Operate on the aliased a and keep it aliased plus return the b byproduct. There is also a misnamed modifyM function which is useM without the b...

Then, there's the arguably most difficult to reason about primitive, get:

get :: Alias μ a %1 -> μ (a, a %1 -> μ ())

The get primitive will un-alias a resource and get its value. By case analysis, either this was the last alias to this resource, or it was not. If it was the last alias, we need to make sure the resource is linearly freed. If it was not, we need to make sure it isn't freed since there are still aliases to it.

How do we ensure that the resource is freed if this was the last alias, and that it is not if it wasn't? The trick is to return both the resource and a finalizer function linearly -- where the finalizer is actually a no-op if there are more aliases to that same resource.

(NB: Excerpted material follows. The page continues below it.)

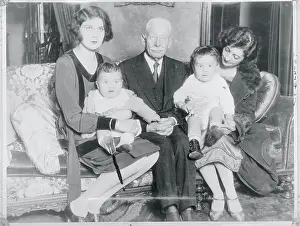 Lita Grey Chaplin Posing with Family Members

The returned function needs to be called exactly once on the resource since it is returned in a linear tuple -- it will either make sure the resource isn't consumed (because it is fake-consumed by the finaliser), or make sure it is consumed (because the finaliser will really consume the resource if this was the last alias).

This sounds like an awful idea. Maybe we could even just get by with useM which seems less troublesome? One thing that worries me is to what extent could you call the weird-finaliser on something which wasn't related to the resource returned alongside it? ...

Notes

[!CAUTION] It seems that Haddock is rendering incorrectly the lollipop symbol () which stands for linear arrow (%1 ->) in some places. This is quite unfortunate. You may have to double check the source to see if an argument is in fact linear...

type alias for alias

Typically you'll want to export a type synonym for Alias over the monad you can free resources in, import Data.Linear.Alias qualified (most functions, such as share and get are short and are arguably better to be qualified in general), such that there are no conflicts between the type synonym Alias and the library defined Alias.Alias name

import qualified Data.Linear.Alias as Alias
type Alias = Alias.Alias Linear.IO -- Choose the monad you can allocate and free this
                                   -- reference counted resource in

opaqueness for soundness?

Perhaps this is very important to explain somehow earlier on or enforce: The aliased things should be opaque. That is, you should not be able to easily modify the value which is aliased into something else. So, good aliasable values would be e.g. pointers, handles, buffers, devices, GPU textures, IORefs, etc...

The problem here is the underlying representation of Alias m a which will not use a mutable reference like IORef for the a across the aliases (I've wondered before if it should, but it never made sense for my case where the things I was aliasing were already mutable like Vk.Buffer; leaving it as a doesn't preclude the user from stuffing an IORef to alias).

So, if the a value is changeable, you could end up in a situation where you have two aliases that should hold the same value, but are different. In effect, whichever of the two aliases is forgotten last will call the finalizer action on the a value. If these values are different, the finalizer action will depend on the last forgotten resource... which is very unsound.

thread safety

We are using atomic-counter for counting, but what happens if there two actions on the same alias at the same time? It may just be that the responsibility of thread safety when two aliased resources are used at the same time is of the resource type (it seems that way).

For example, if the aliased resource was an IORef, it'd be the caller's responsibility to use atomicModifyIORef if a multi-threaded program were using multiple aliases to that same ref at once.